Data to use
-- Opening Marker --

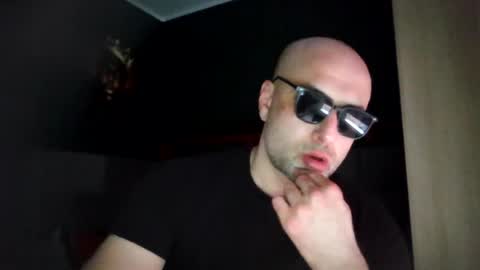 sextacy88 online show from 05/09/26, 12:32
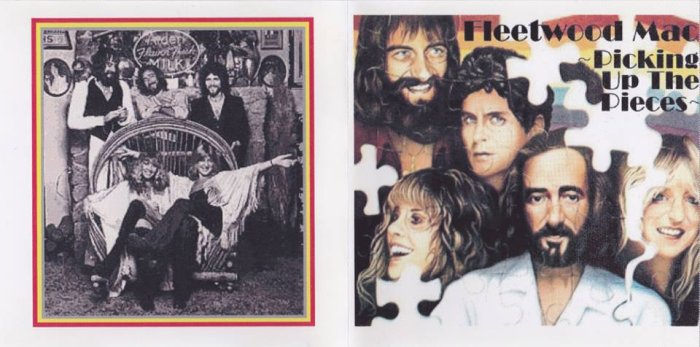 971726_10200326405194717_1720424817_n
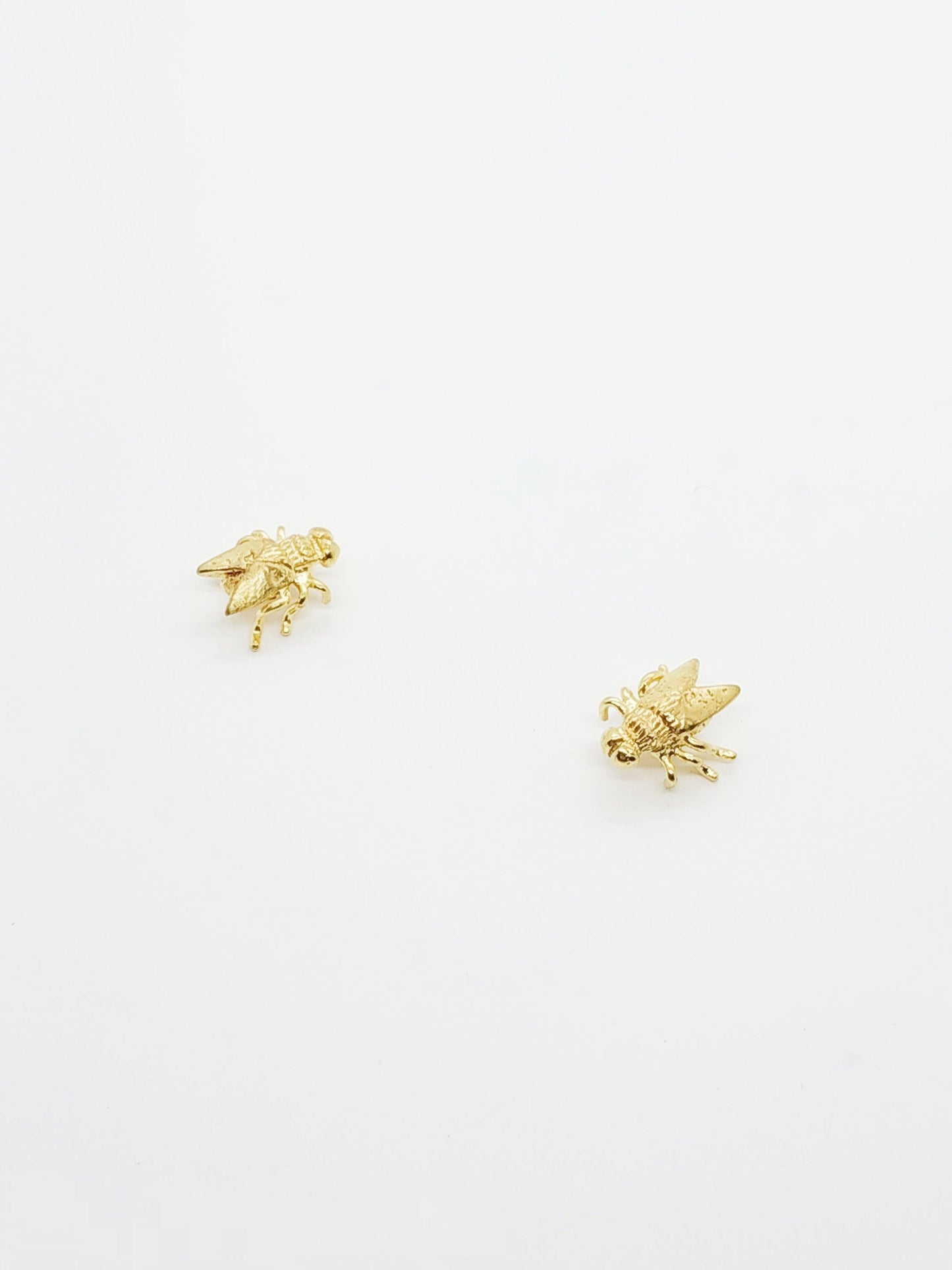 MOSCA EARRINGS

-- Closing Marker --
-- Opening Marker --

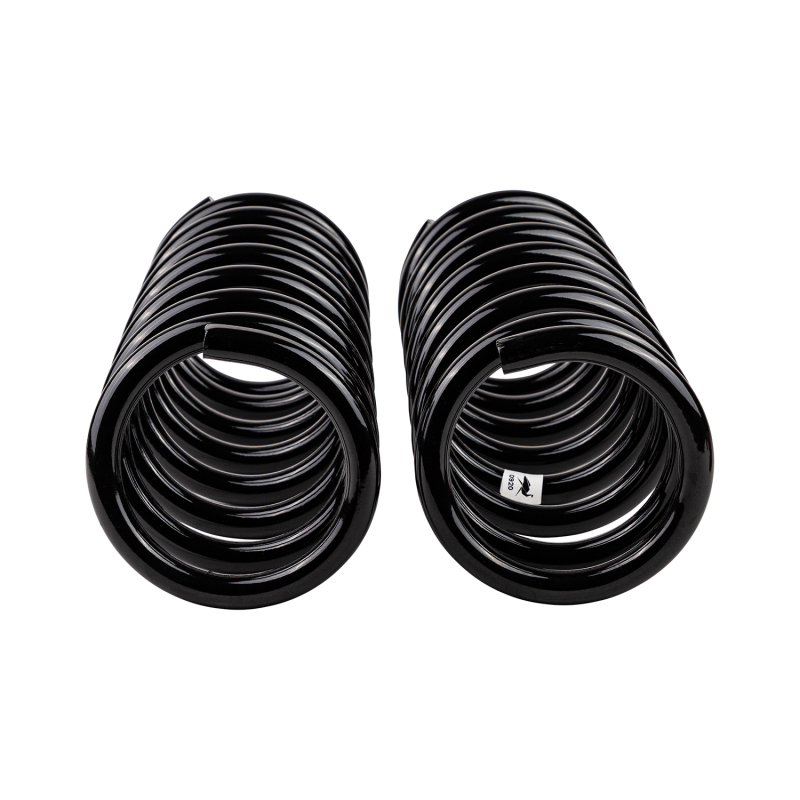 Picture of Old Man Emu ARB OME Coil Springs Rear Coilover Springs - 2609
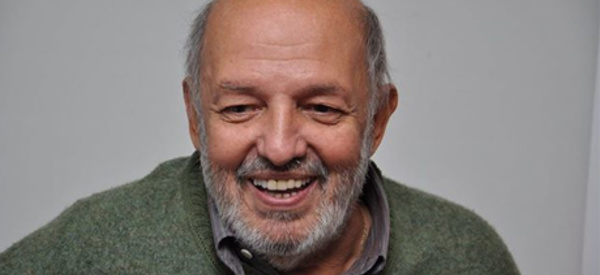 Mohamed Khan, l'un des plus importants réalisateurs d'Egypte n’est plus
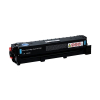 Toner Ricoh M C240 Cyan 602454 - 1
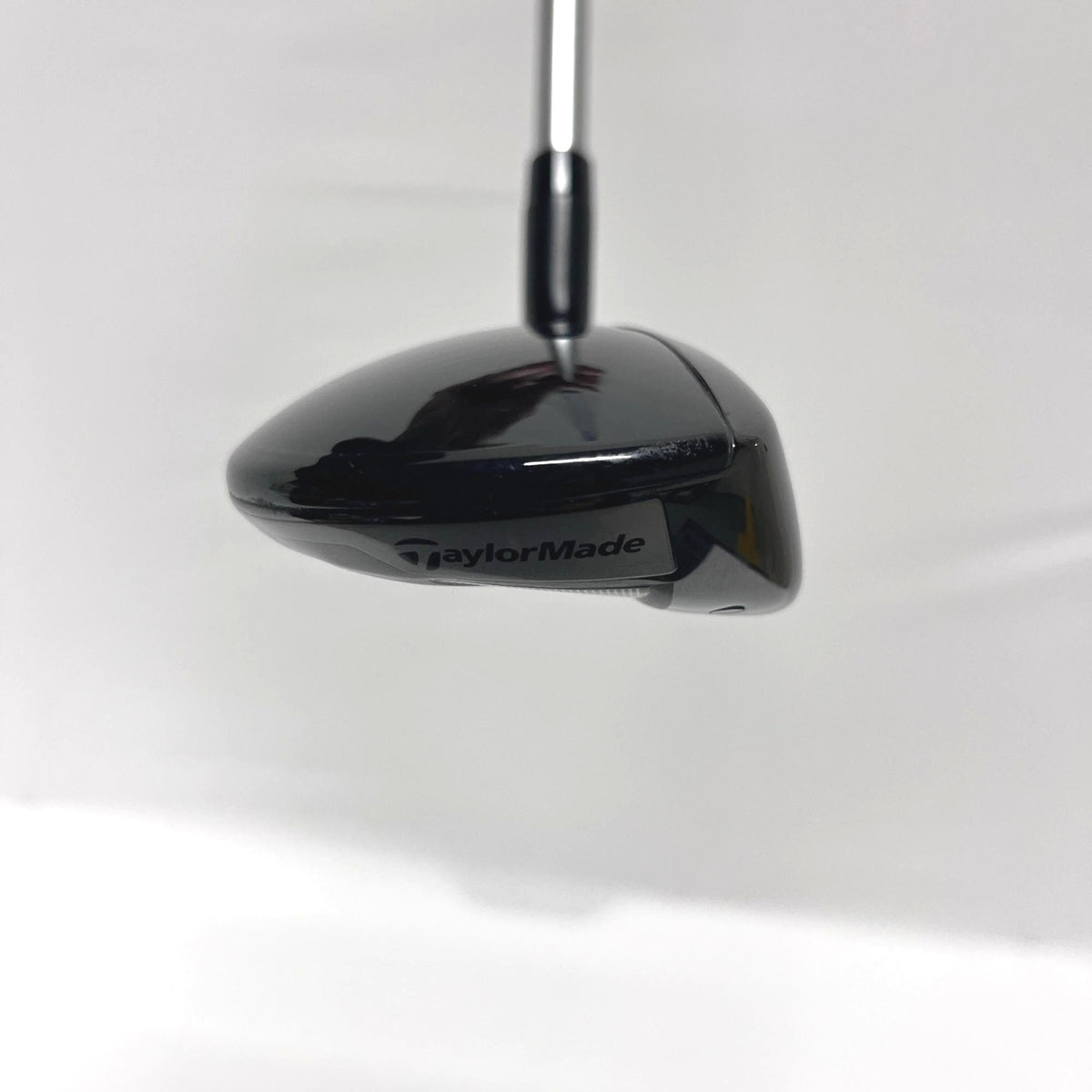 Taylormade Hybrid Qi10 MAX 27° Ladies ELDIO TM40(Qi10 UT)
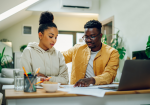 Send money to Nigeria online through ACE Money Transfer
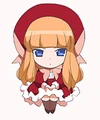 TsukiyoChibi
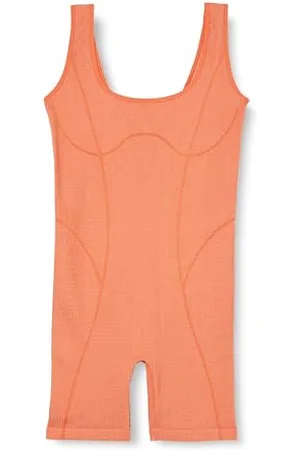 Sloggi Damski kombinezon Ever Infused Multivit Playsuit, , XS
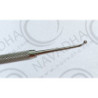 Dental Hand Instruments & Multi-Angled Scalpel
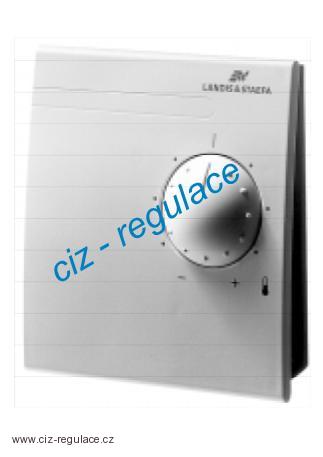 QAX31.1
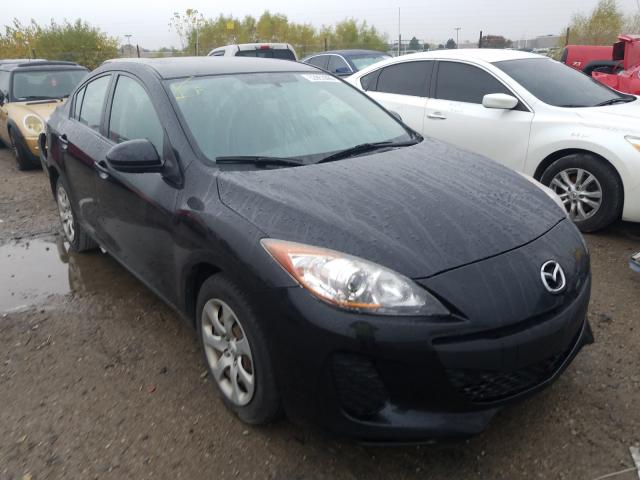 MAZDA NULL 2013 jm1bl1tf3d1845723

-- Closing Marker --

Problem to work on
Leaving pictures out, output the lines of the data above from the one with "sextacy88 online show from 05/09/26, 12:32" through the one with "MOSCA EARRINGS", word for word.

Task result
 sextacy88 online show from 05/09/26, 12:32
 971726_10200326405194717_1720424817_n
 MOSCA EARRINGS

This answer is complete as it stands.